* Work required
The reply should hold only the lines from the one with "Rechteckige Schutzhaube PRESTIGE" to the one with "A.P.C. Wool Crewneck Pullover image 0", both ends kept, exactly as they appear below, without any pictures.

┌─ Information

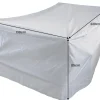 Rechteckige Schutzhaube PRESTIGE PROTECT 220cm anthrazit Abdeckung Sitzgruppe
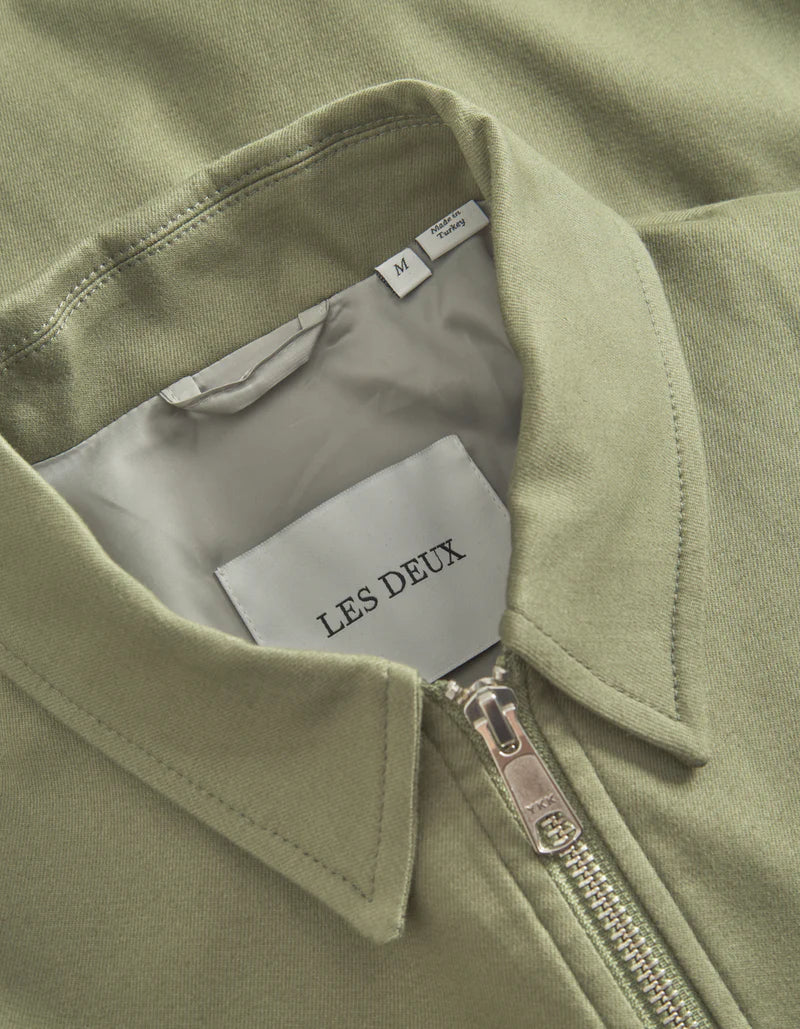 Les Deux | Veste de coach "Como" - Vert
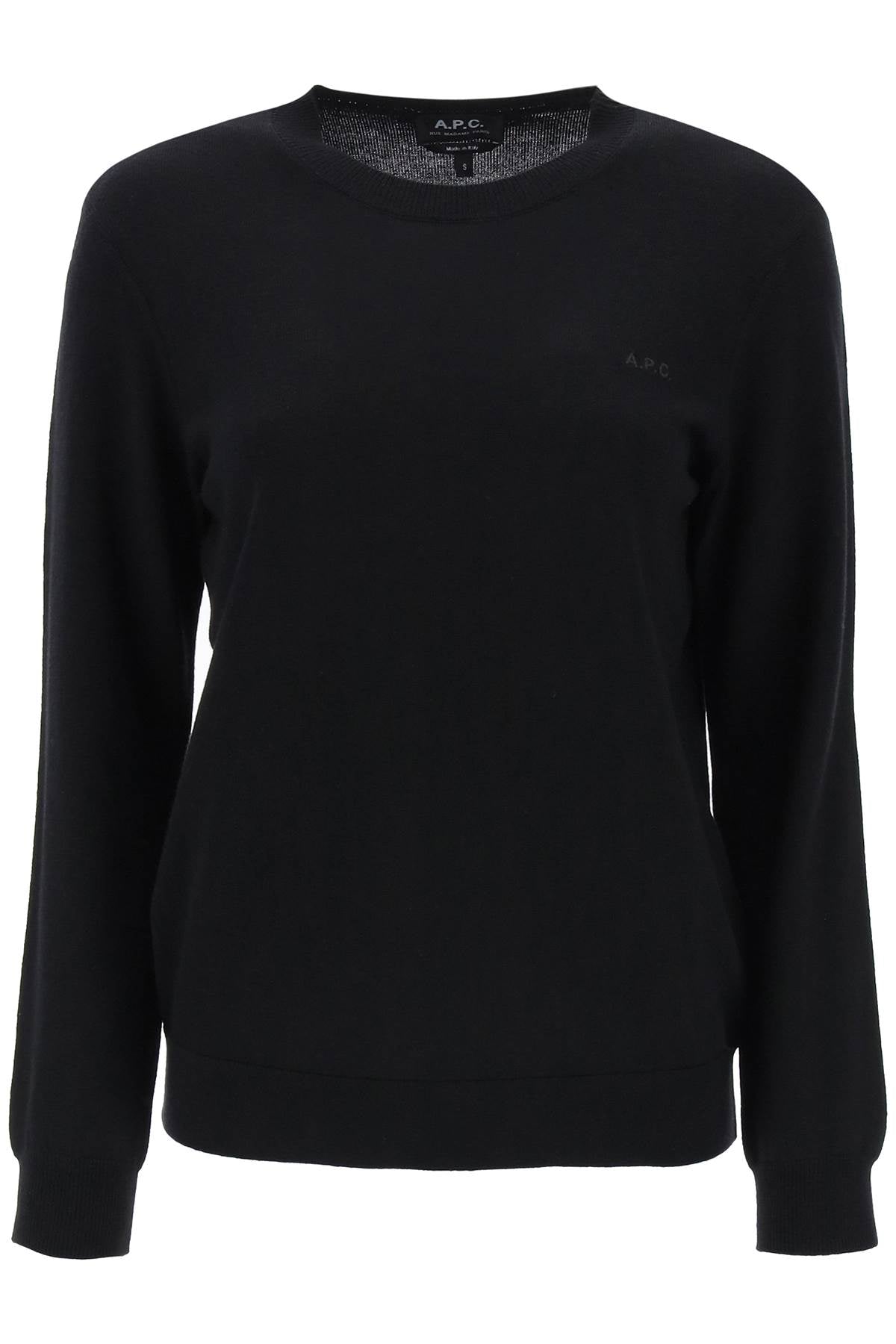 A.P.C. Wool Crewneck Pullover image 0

└─
┌─ Information

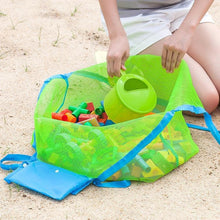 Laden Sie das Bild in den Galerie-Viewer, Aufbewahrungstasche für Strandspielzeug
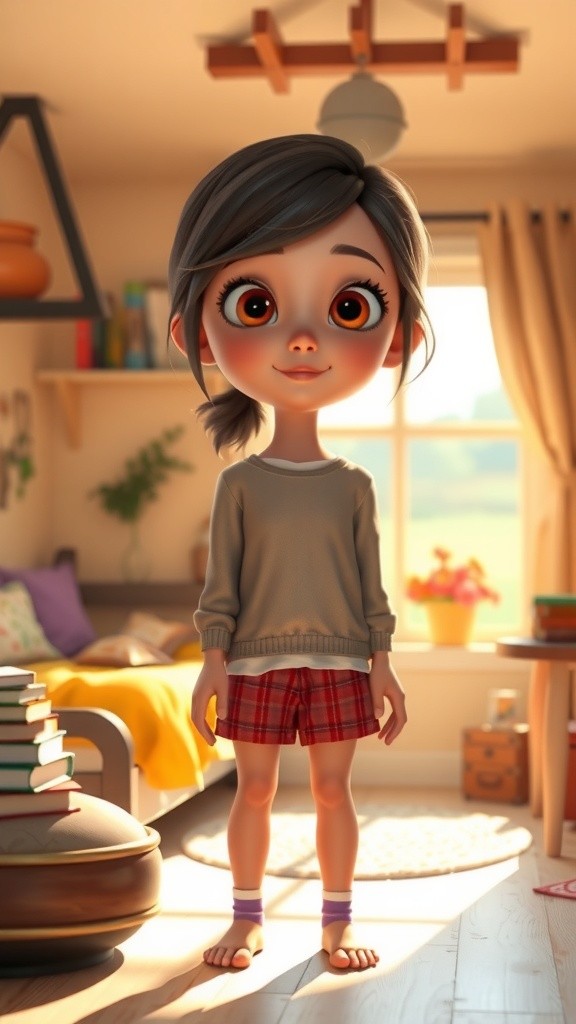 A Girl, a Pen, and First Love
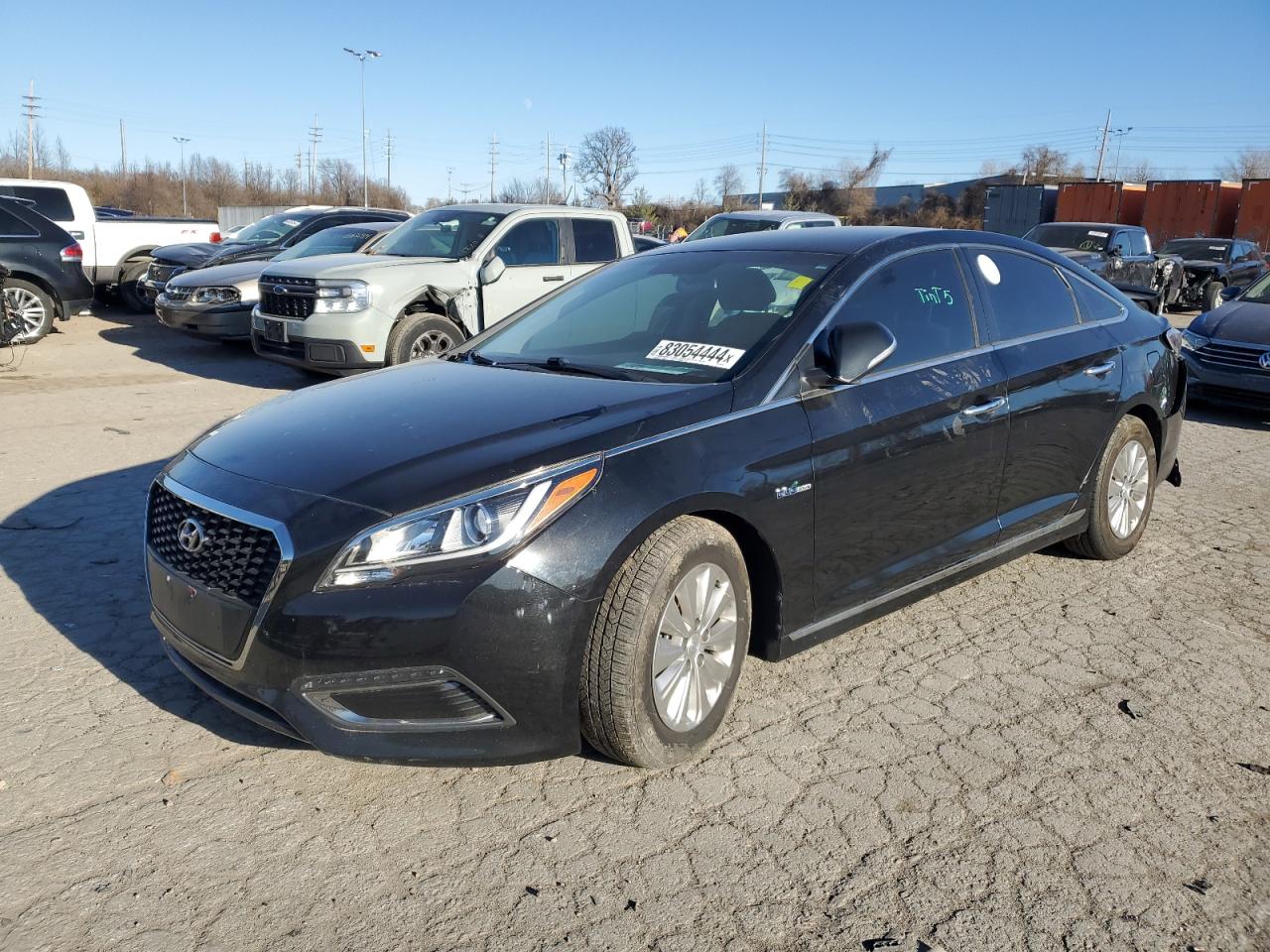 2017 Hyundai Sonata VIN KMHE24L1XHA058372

└─

* Solution to this task
 Rechteckige Schutzhaube PRESTIGE PROTECT 220cm anthrazit Abdeckung Sitzgruppe
 Les Deux | Veste de coach "Como" - Vert
 A.P.C. Wool Crewneck Pullover image 0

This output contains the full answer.